Handeln Arbeitgeber wie Arbeitnehmer durch Vereinbarung von Schwarzlohnzahlungen vorsätzlich, kann der Vorwurf vorsätzlichen Handelns eine vorrangige Inanspruchnahme des Arbeitgeber nicht rechtfertigen. Das gilt jedenfalls dann, wenn weder dem Haftungs- noch dem Einspruchsbescheid bzw. den Steuerakten zu entnehmen ist, warum es nicht möglich war, die ehemaligen Arbeitnehmer in Anspruch zu nehmen.
Die Pauschalierung der Lohnsteuer ist nur „auf Antrag”, d.h. mit Zustimmung des Arbeitgeber zulässig. Hat der Arbeitgeber keinen Antrag auf Pauschalierung gestellt, ist ein Lohnsteuer-Nachforderungsbescheid rechtswidrig.
Normenkette
EStG § 38 Abs. 2 S. 1, § 40a Abs. 2, § 42d Abs. 1, 3
Streitjahr(e)
1991, 1992
Nachgehend
Tatbestand
Streitig ist, ob der Kläger Schwarzlöhne gezahlt hat.
Der Kläger ist Zahnarzt. Er betätigt sich auch auf dem Immobiliensektor, indem er sanierungsbedürftige Geschäftsbauten erwirbt und nach Renovierungs- und Modernisierungsarbeiten verkauft oder verpachtet. Wegen des besonderen Konzepts des Objekts „Markthalle X” war der Kläger gezwungen, dort selbst als Inhaber von mehreren Verkaufsständen aufzutreten, als er für sie keine Mieter oder Pächter fand. Die Stände, u.a. auch ein Pizza- und Nudelstand, wurden ausschließlich mit Fremdpersonal betrieben.

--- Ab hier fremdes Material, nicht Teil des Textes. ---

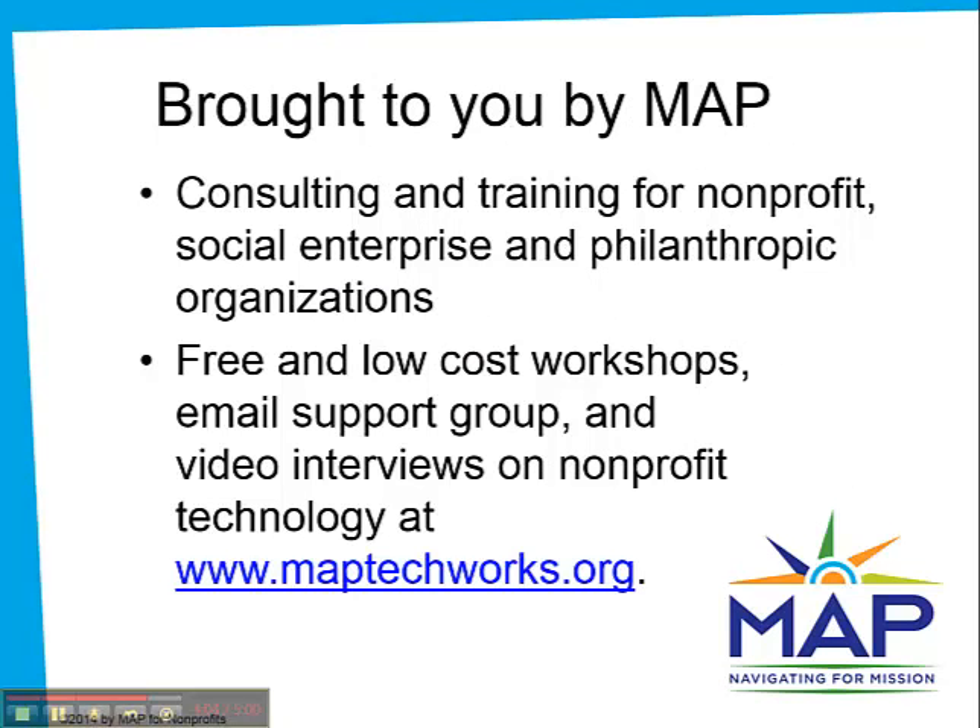This presentation is from MAP for Nonprofits, a Minnesota-based consulting agency that specializes in mission-based organizations. Our services include technology planning, tech support, in-depth innovation programs, accounting, legal, strategic and business planning, realignment, leadership development, board development, and training. We also have great resources for nonprofit IT professionals and accidental techies at maptechworks.org.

Als im Rahmen einer allgemeinen Außenprüfung der Prüfer Unterlagen bezüglich des Pizza- und Nudelstands anforderte, händigte der Kläger dem Prüfer zwei Aktenordner aus. In einem befanden sich handschriftliche Unterlagen, aus denen sich Tageserlöse und Kosten ergeben, die nicht mit den erklärten Besteuerungsgrundlagen übereinstimmen. Die Aufzeichnungen weisen für die Monate Oktober 1991 bis Januar 1992 neben der Rubrik „Gehälter” auch die Rubriken „Gehälter schwarz” bzw. „Gehälter schw” mit Beträgen aus, hinter denen jeweils ein Arbeitnehmer namentlich aufgeführt bzw. „Aushilfen” oder „RE schwarz” vermerkt ist (Einzelheiten Bl. 48 ff Lohnsteuer-Arbeitgeberakte – LStA).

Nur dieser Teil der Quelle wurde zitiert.